● Data in this exercise
=-=-=

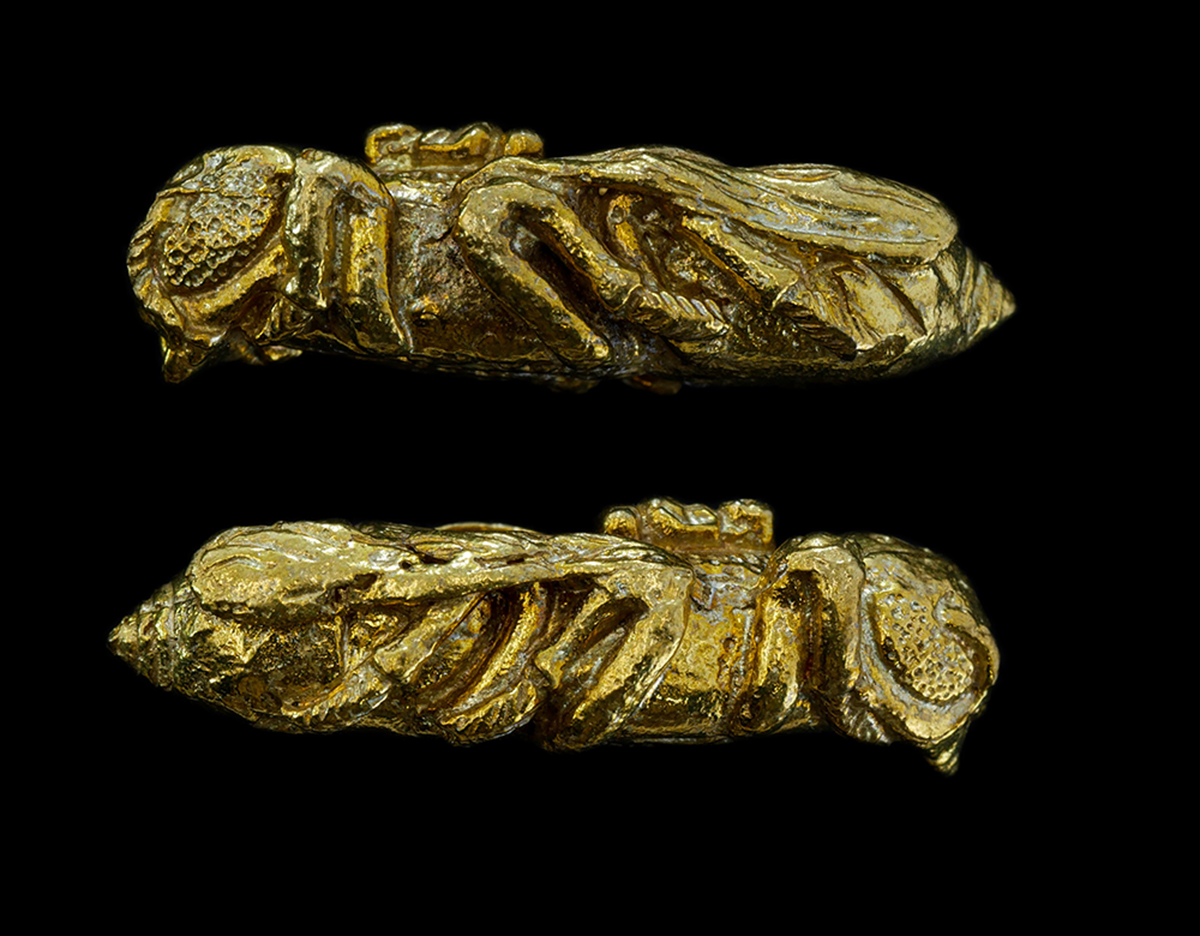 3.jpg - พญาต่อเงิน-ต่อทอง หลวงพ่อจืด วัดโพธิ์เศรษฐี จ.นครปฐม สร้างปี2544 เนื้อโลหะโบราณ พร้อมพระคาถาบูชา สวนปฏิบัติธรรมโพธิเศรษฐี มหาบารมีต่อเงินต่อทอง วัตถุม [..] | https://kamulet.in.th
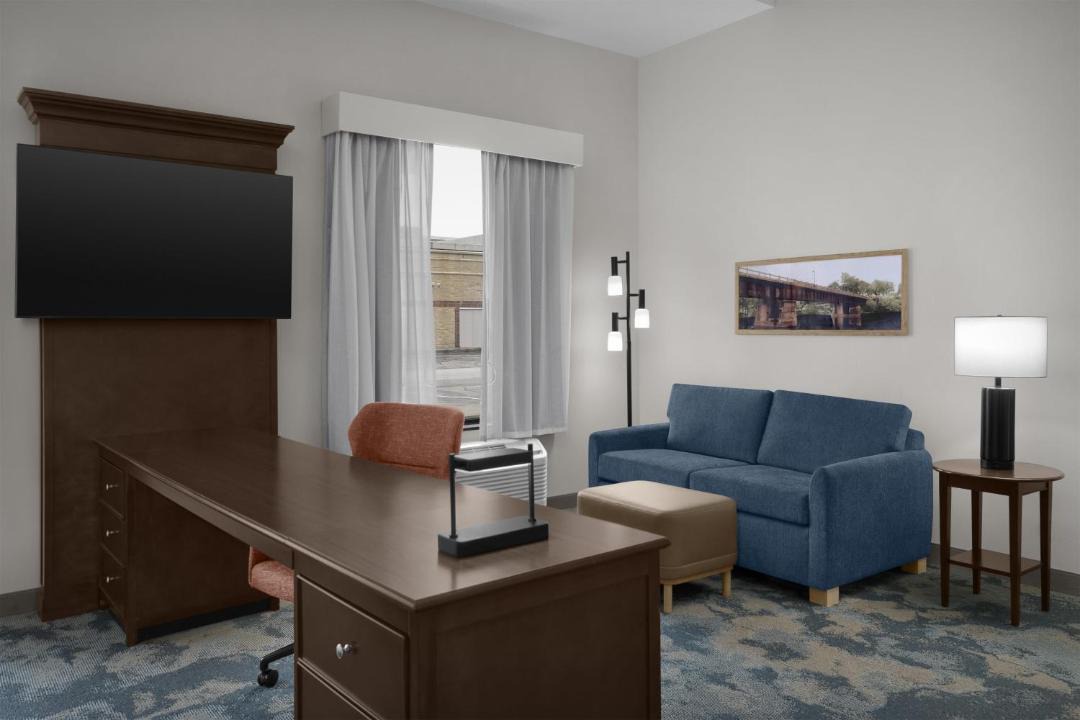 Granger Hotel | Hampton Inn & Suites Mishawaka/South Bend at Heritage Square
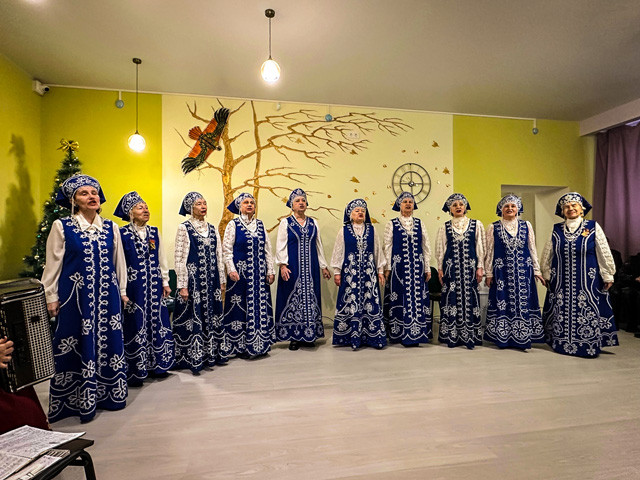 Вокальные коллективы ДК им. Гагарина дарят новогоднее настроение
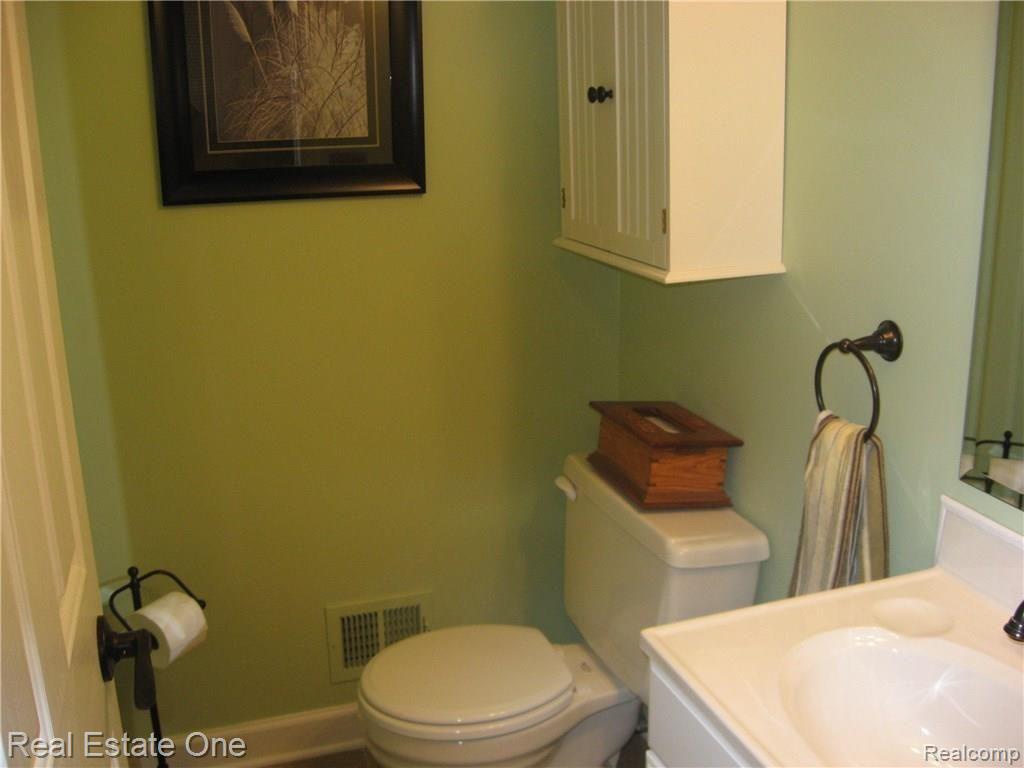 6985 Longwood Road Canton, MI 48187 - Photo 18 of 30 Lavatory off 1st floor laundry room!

=-=-=

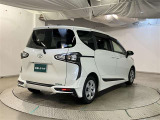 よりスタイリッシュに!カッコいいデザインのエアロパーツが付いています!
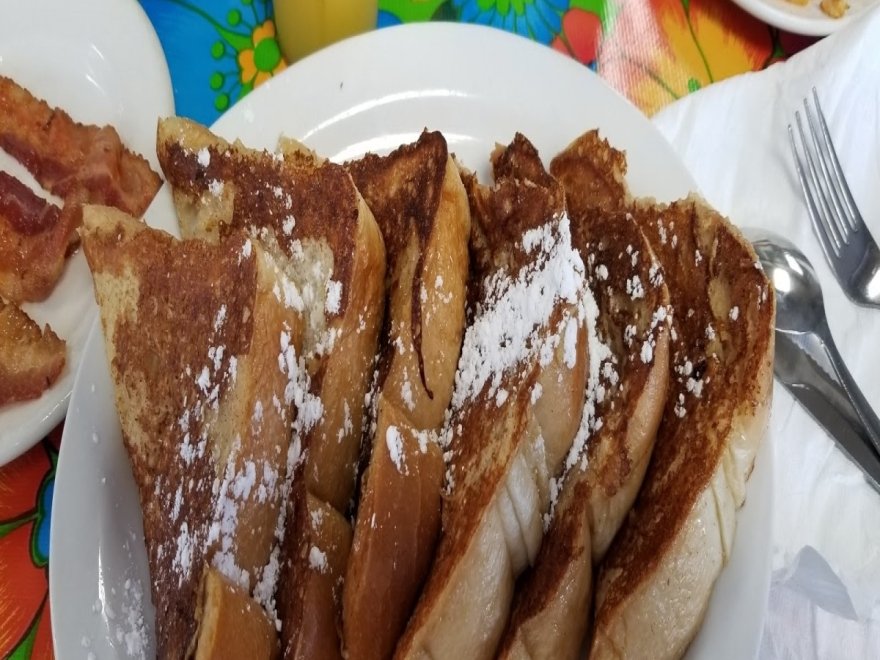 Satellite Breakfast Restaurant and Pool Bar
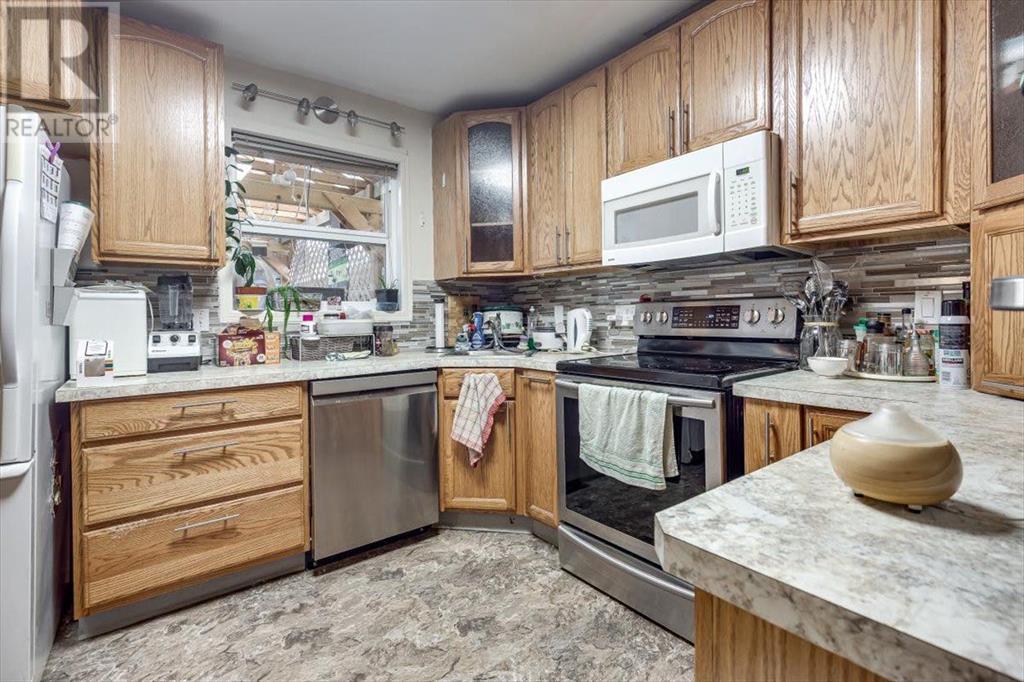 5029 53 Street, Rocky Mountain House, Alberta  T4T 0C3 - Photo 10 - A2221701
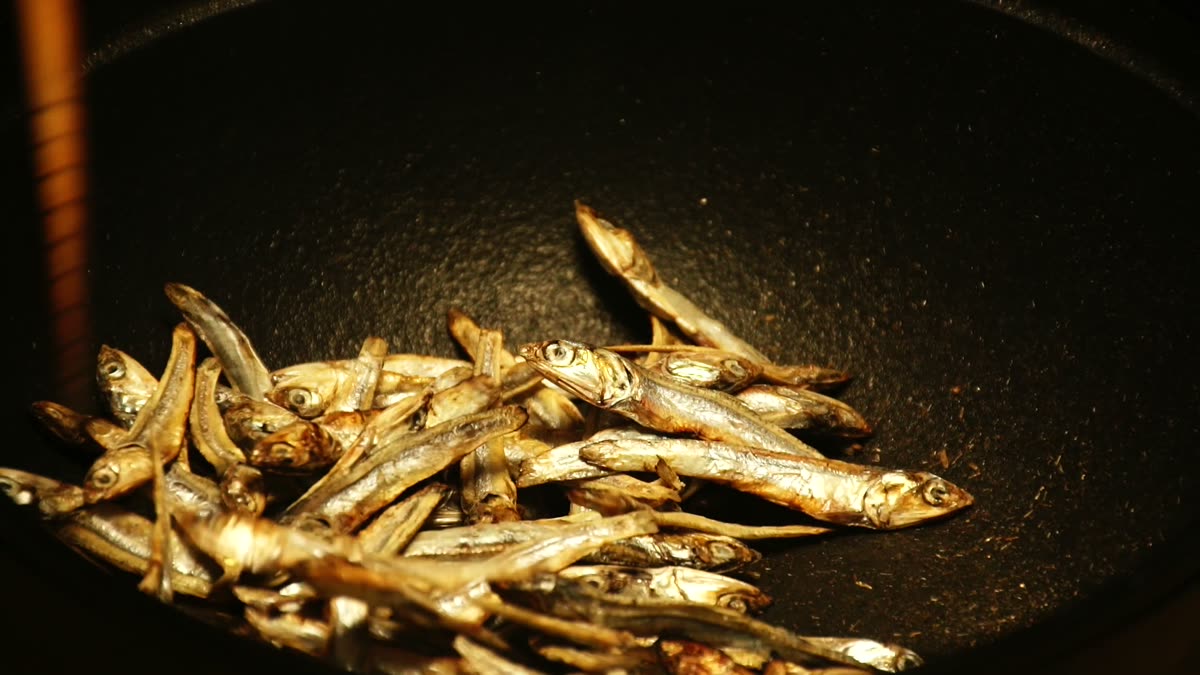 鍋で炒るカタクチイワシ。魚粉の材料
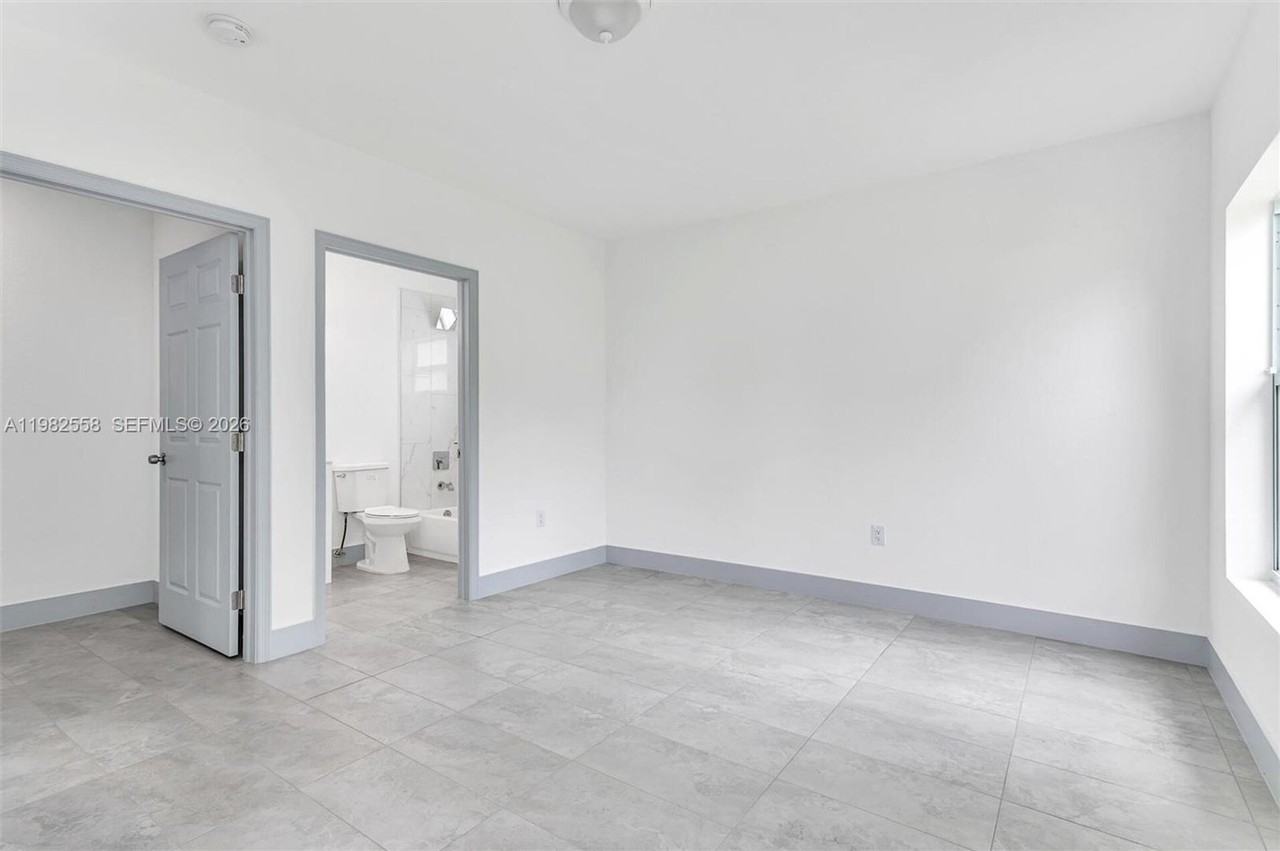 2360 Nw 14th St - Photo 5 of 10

=-=-=

● Description of the task
Only the lines starting at the one that includes "3.jpg - พญาต่อเงิน-ต่อทอง" and ending at the one that includes "6985 Longwood Road" should be retyped, exactly, from the records above; no pictures.

● Expected answer
 3.jpg - พญาต่อเงิน-ต่อทอง หลวงพ่อจืด วัดโพธิ์เศรษฐี จ.นครปฐม สร้างปี2544 เนื้อโลหะโบราณ พร้อมพระคาถาบูชา สวนปฏิบัติธรรมโพธิเศรษฐี มหาบารมีต่อเงินต่อทอง วัตถุม [..] | https://kamulet.in.th
 Granger Hotel | Hampton Inn & Suites Mishawaka/South Bend at Heritage Square
 Вокальные коллективы ДК им. Гагарина дарят новогоднее настроение
 6985 Longwood Road Canton, MI 48187 - Photo 18 of 30 Lavatory off 1st floor laundry room!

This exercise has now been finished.